それは戦争で駆け抜けていく夢。夢の中で俺が通り過ぎていくたびに人が死に、死体が積み上がる。
見ていて良いものでは無かったが、自分の体でもあるのに止められなかった。
ーーーーーー自分の体?
いいや違う。これは決して自分の体なんかじゃーーー
「起きろレイ!!」
その声に反応して思わず飛び上がる。混濁した意識が頭を回っていた。
さっきまで何の夢みてたっけな?
思い出せない。思い出そうとして鍵がかかったみたいに思い出せないのだ。
「おーい。もしもし?見えてますかー?」
ぶちの猫が俺の前でブンブン手を振る。
てかここどこだ?
一見さっきまでの洞窟に似ているが、何か重苦しい。
ーーーそういえば戦闘はどうなったんだ?
「裏切られたんだよ」
唐突に、マーブルがそう言いだした。
「いや何を言ってーーー」
「あの魔物を倒した後、生贄を差し出せと言われたんだ。そしてあの2人はレイを差し出した」
「・・・・は?」
あの2人が?
いやまさかそんなはずは無い。2人とも仲良くしていたし、そんな差し出すような真似するか?いや、絶対にしないはずだ。
「信じるも信じないのもレイの自由だけど今ココにいる理由に目を背けたらダメだよ」
・・・なるほど。マーブルの言う通りかもしれない。生贄云々はともかく状況がわからない今、むやみに行動するのは命取りだ。
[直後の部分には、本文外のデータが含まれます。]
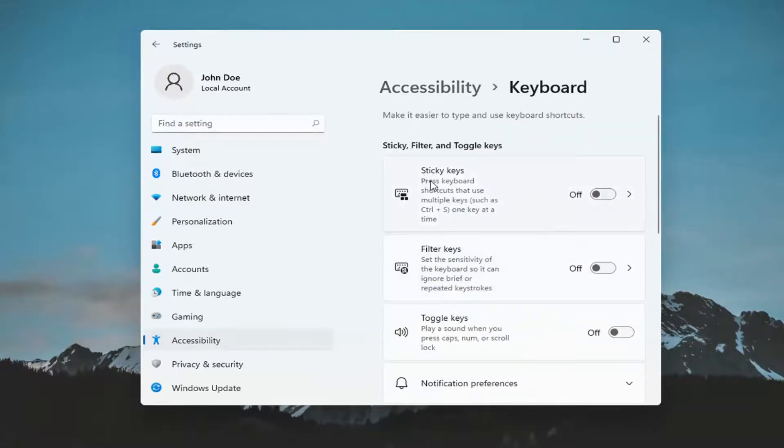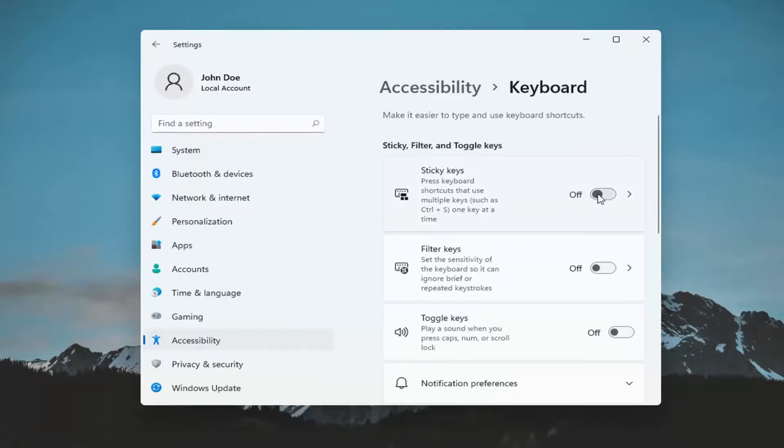And it says sticky keys, press keyboard shortcut so you use multiple keys. Go ahead and toggle that to the on position if you want to turn it on. Otherwise, turn it off.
それに"生贄"にするという事は、生贄に捧げる何かがいるという事だ。慎重に行動しないと....。
俺は静かに立ち上がるとほぼ真っ暗な洞窟内を見渡す。
体の傷はマーブルが治してくれたようでほぼ完治していた。
それにしても不気味だ。
やけに静かすぎる洞窟。しかし無闇に照らしたり行動は出来ない。さて、どうするか。
『取り敢えずこの空洞全体照らしてみたら?僕的には何もいないよ?』
空気を読んで心で喋るあたりマーブルは優れている。
しかしそうか。ま、一度やってみよう。魔力もまあまあ回復しているしな。
「光天」
光属性の超級魔法、広範囲を短時間光らす魔法だ。
光の玉が上空に上がっていき、そこから光の輪をどんどん広がらせていく。
みるみる空洞内が明るくなっていった。
「・・・確かに何もいないな」
明るく照らされた空洞、ざっと体育館ぐらいの大きさの中には何も無かった。
岩が凸凹しているだけだ。
短時間の魔法なので直ぐに光が失われていく。そのとき、何やら先に続く道を発見した。
「進んでみるか」
「だね」
今度は懐中電灯程度の光魔法で前方を照らしながら歩いていく。
不気味なほどに静かだ。俺の足音だけが洞窟に反響し、リズムを作る。
まるでホラー映画のよう.....考えるのは止めておこう。
やがて通路も終わりを迎え、2つ目の空洞に出た。
先にマーブルに気配を確認してもらうが無反応だ。
やはり何もいないのか....?
そう思った瞬間、マーブルがビクリと跳ねた。
「マズい!ヤバイやつが来た!」
何やらホラーチックなセリフに咄嗟に近くの岩に隠れる。
「ど、どこだ?」
「わからない。けど強すぎるよ」
そういうマーブルはビクビクしている。何か怖いんですけど。
てかコレ前ばっかりに注目してたら背後にいるやつでは....。
と思ったが怖いので振り返らないでおいた。
「・・・来る」
ズン ズン ズン
マーブルが言った後、鈍い音が響き渡る。
まるでマンモスが来たような音だ。
まあまさかマンモスのわけーーー
「パァオオオーーーーン!!!」
マンモス....というか象かよ!
恐る恐る岩の陰から象を覗く。
それは象、というより大きさ的にはトラックのようだった。
ずんぐりとした巨体、荒々しく動き回る長い鼻、動物園にいたら卒倒してしまうレベルの象だ。
そんな象と、ふと目が合う。
「あ、やべ」
急いで岩に姿を隠したときには遅かった。
ドスドスドスドス
白鵬100人分もあるように重い音がどんどん近付いてくる。
『バカか!!』
マーブルから心で罵倒されるがそんな場合じゃない。
戦うしかないだろう。意外と倒せるかもしれないしな。
俺は岩から出ると、マーブルに杖を出してもらう。
マーブルは身につけさえすれば亜空間に物をしまえる。それを利用して普段は杖を閉まっているのだ。....折れたら困るからな。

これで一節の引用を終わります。